_What you need to do_
Reproduce the section of the listing that begins at the line containing "Jet Motorcycle Helmet" and finishes at the line containing "Invitation d'anniversaire Rustique". Include both end lines and nothing beyond them.

_Dataset records_

_ _ _

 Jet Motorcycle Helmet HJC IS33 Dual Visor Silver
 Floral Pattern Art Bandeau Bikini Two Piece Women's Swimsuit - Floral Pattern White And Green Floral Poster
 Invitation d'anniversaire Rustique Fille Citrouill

_ _ _

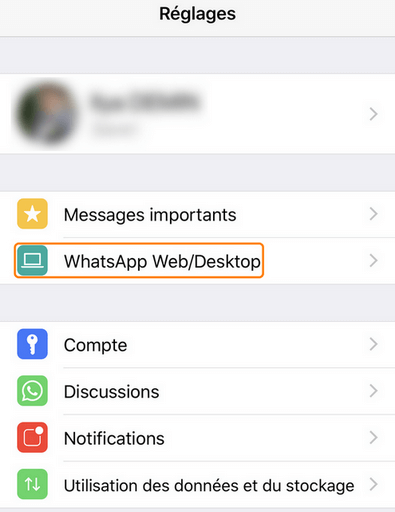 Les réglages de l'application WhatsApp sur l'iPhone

_ _ _

_Response area_
 Jet Motorcycle Helmet HJC IS33 Dual Visor Silver
 Floral Pattern Art Bandeau Bikini Two Piece Women's Swimsuit - Floral Pattern White And Green Floral Poster
 Invitation d'anniversaire Rustique Fille Citrouill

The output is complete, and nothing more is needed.